Primo: non ci scandalizziamo affatto della partecipazione a queste elezioni che, anzi. potrebbero offrire ad una forza autenticamente comunista il destro per un reale ed efficace "partecipazionismo rivoluzionario" nel senso leninista. Ci ''insospettisce", piuttosto, l'enfasi messa sul risultato elettorale e su una mobilitazione in tal senso prioritaria rispetto alla mobilitazione di classe o addirittura separata da essa. Ci "insospettisce" un discorso astratto sui criteri attraverso i quali potrebbe rinascere una nuova Jugoslavia rispettosa dei diritti nazionali di tutti i popoli svolto in termini "costituzionalistici" senza tener conto fino in fondo dei motivi di classe che hanno portato alla disintegrazione del paese e di quelli sempre di classe, di inverso segno, che potrebbero portare alla ricomposizione di una nuova Jugoslavia unitaria (che in nessun caso si darebbe come riedizione "riveduta e corretta" di quella definitivamente sepolta che ci sta alle spalle). Temiamo forte, inoltre, ed è punto decisivo, che la Lega, preoccupata (e sin qui giustamente) dell'attacco esterno alla Federativa, non riesca a saldare la prospettiva jugoslavista ad una decisa e totale rottura con la propria borghesia nazionale, con Milosevic, credendo che per questa via si finirebbe per compromettere quel poco di jugoslavismo che "comunque" sarebbe preservato e difeso dallo Stato della Federativa.

L'esempio del partito comunista di Serbia che nel '14 rifiutò di votare i crediti di guerra non sarà mai abbastanza ricordato al proposito quale esempio cui, oggi più che mai. occorre riferirsi.

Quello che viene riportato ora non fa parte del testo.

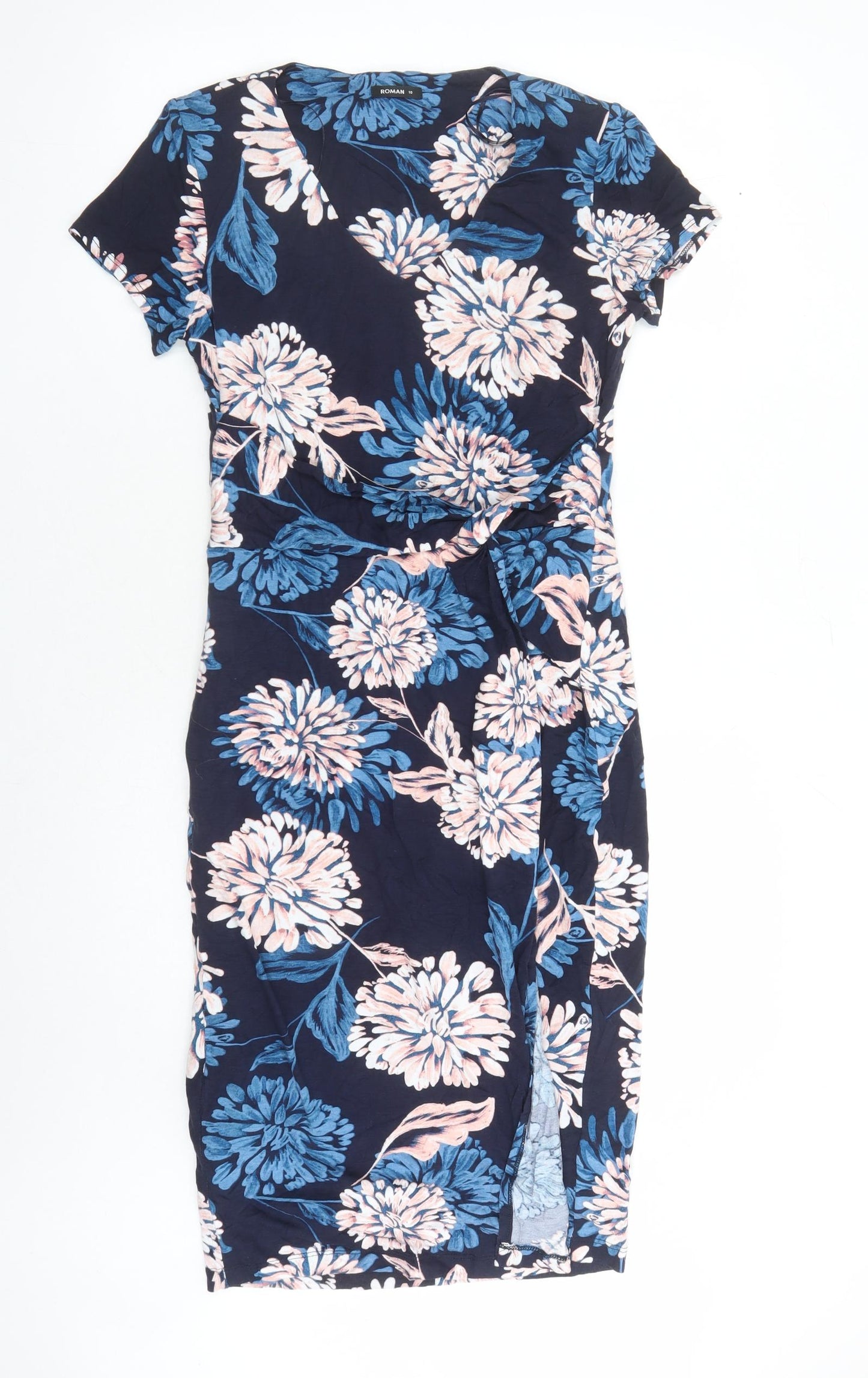 Roman Womens Blue Floral Viscose A-Line Size 10 V-Neck Pullover - Lined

Potessimo dare dei consigli, questo diremmo: l'organizzazione comunista sappia di dover pagare oggi. quando si muova su un rigoroso terreno di classe. il prezzo di un provvisorio isolamento: sappia che ogni tentativo di sottrarsi ad esso allargando o costruendo "fronti popolari" interclassisti sarà destinato a produrre solo delle bolle di sapone. mentre andrà a minare in profondità i fattori di coerenza e continuità d'azione comuniste e, con esse, il successo futuro del movimento. Diremmo: proprio mentre tutti i dati della situazione sembrerebbero consigliare di concentrarsi sull'immediato "salviamo il salvabile", con una "prudente" concentrazione di energie entro i propri confini statuali. un'organizzazione comunista deve saper trovare la forza di proiettarsi al massimo al di fuori di questi confini, verso i proletari di ogni altra regione ex-jugoslava ed in direzione del proletariato occidentale.

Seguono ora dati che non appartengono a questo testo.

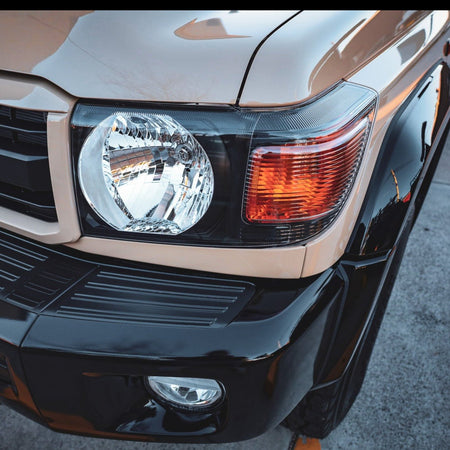 PVS Automotive - RTR JDM Pair Black 70th Anniversary Headlights for Toyota LandCruiser 70 Series - 4X4OC™ | 4x4 Offroad Centre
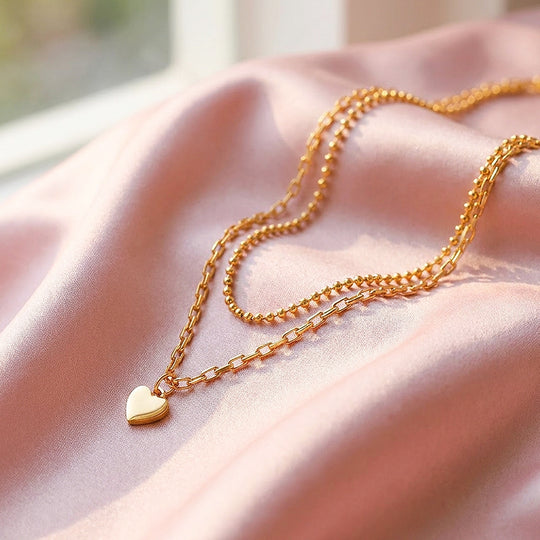 Layered Heart Pendant Chain Necklace | Luxe4353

Su questo aspettiamo delle risposte concrete. Dall'insieme della Lega? Nulla ci autorizza a sperarlo, anche perché siamo convinti che lo scarso risultato "concreto" conseguito alle elezioni aprirà al suo interno processi di differenziazione, scontri ed abiure, a maggior ragione nella misura in cui su di esse si era tutto puntato. Ogni "rifondazione" che non sappia capitalizzare sino in fondo le ragioni della sconfitta, le lezioni della contro rivoluzione, è destinata ad arretramenti continui. La vecchia Lega titoista non era cosa che si potesse né preservare né rifondare. Le forze che alla sua dissoluzione hanno reagito con sentimento ed istinto comunisti possono trovar posto solo in un riallacciamento inequivoco ed integrale al marxismo di sempre.

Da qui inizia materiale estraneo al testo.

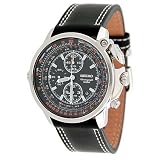 Seiko #SNAB73 Mens Pilot Slide Rule Bezel Chronograph Alarm Watch with Black Leather Strap by Seiko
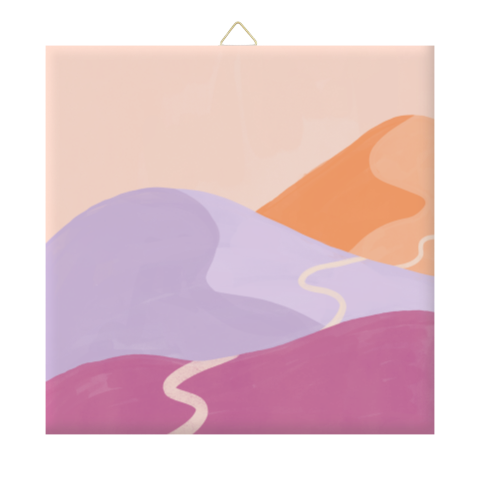 Tegeltje met kleurrijk berglandschap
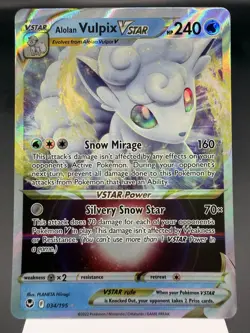 Alolan Vulpix VSTAR 034/195 - Ultra Rare Holo - Silver Tempest Pokemon Card NM - Image 1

Queste forze esistono certamente nella LC-PZJ come, presumibilmente. in altre organizzazioni o atomizzate. E' venuto per esse il momento di trarre dall'esame di tutta la storia precedente della Jugoslavia e del movimento operaio internazionale le lezioni che vanno tirate.

Ad esse noi non sapremmo offrire altro che la nostra più fraterna ed incondizionata solidarietà nella comune battaglia per il socialismo internazionale.